Problem details => Range to repeat from the listing below: the line containing "Other New Trend" down to the line containing "Mantra, Mantra Empotrable", both included. Copy it exactly, pictures excluded, and add nothing else.
---------- Data extract ----------
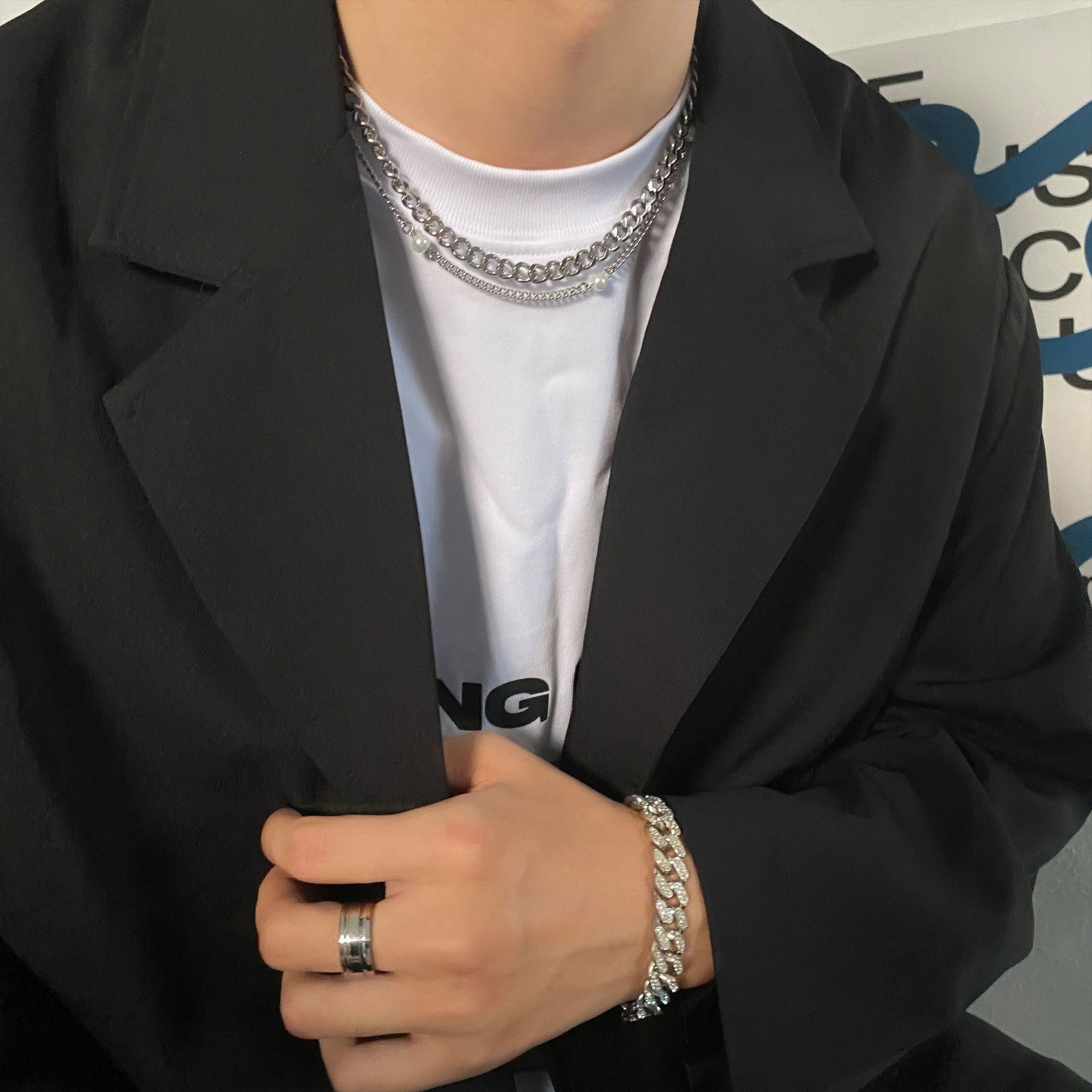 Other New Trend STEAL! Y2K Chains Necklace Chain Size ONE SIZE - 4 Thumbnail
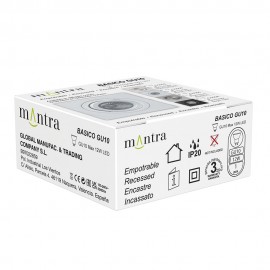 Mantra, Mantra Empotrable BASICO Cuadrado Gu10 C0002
----------
---------- Data extract ----------
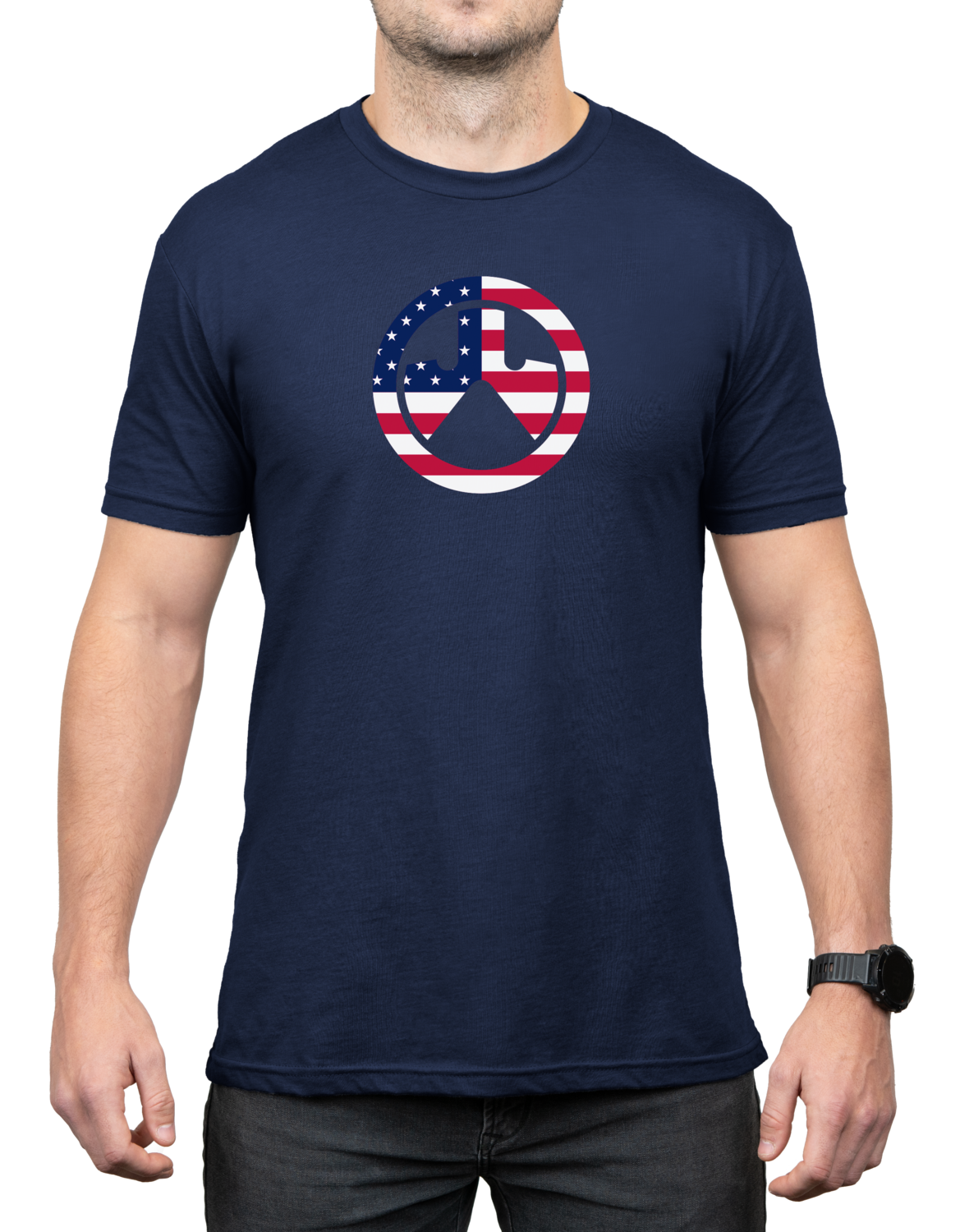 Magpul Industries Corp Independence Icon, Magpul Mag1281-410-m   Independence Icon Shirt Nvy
----------
---------- Data extract ----------
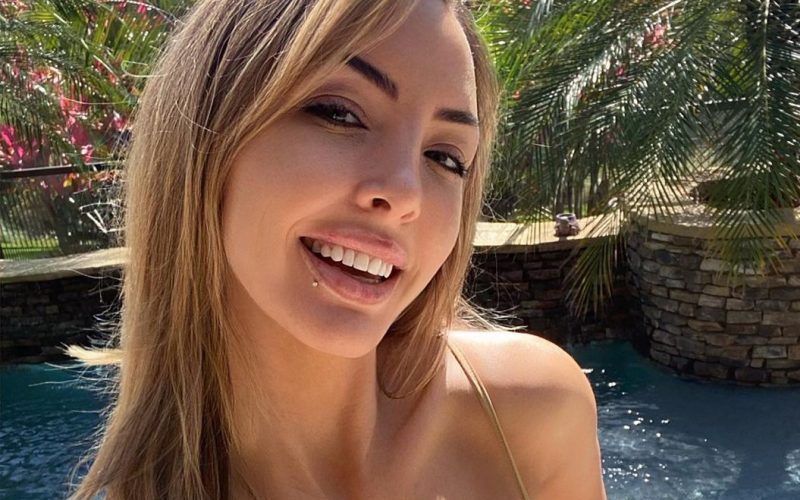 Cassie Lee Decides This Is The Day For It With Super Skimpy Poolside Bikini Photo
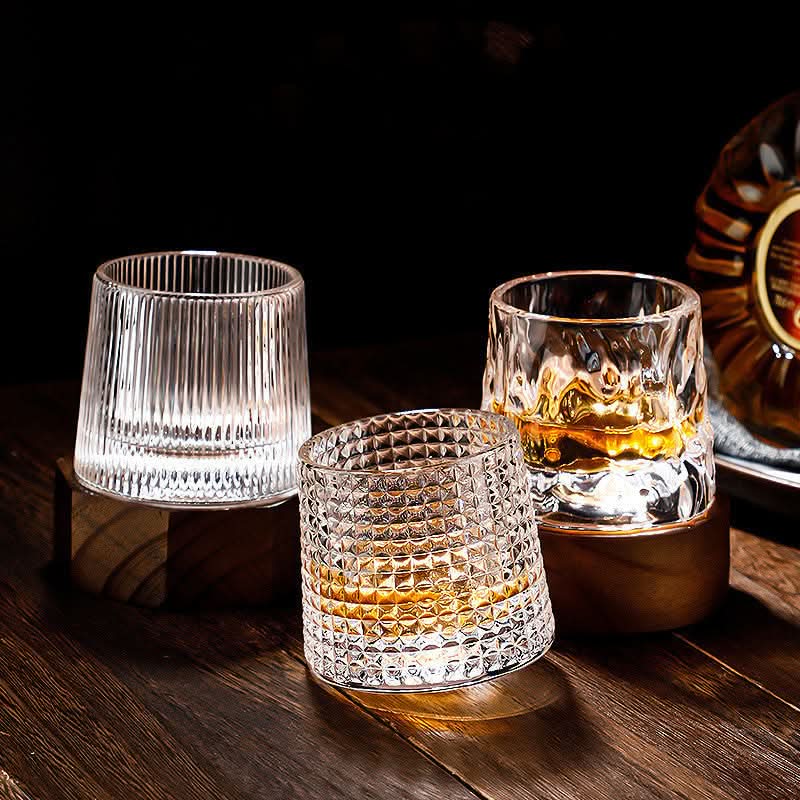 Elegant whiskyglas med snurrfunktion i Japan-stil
----------
Solution to the exercise =>
 Other New Trend STEAL! Y2K Chains Necklace Chain Size ONE SIZE - 4 Thumbnail
 Mantra, Mantra Empotrable BASICO Cuadrado Gu10 C0002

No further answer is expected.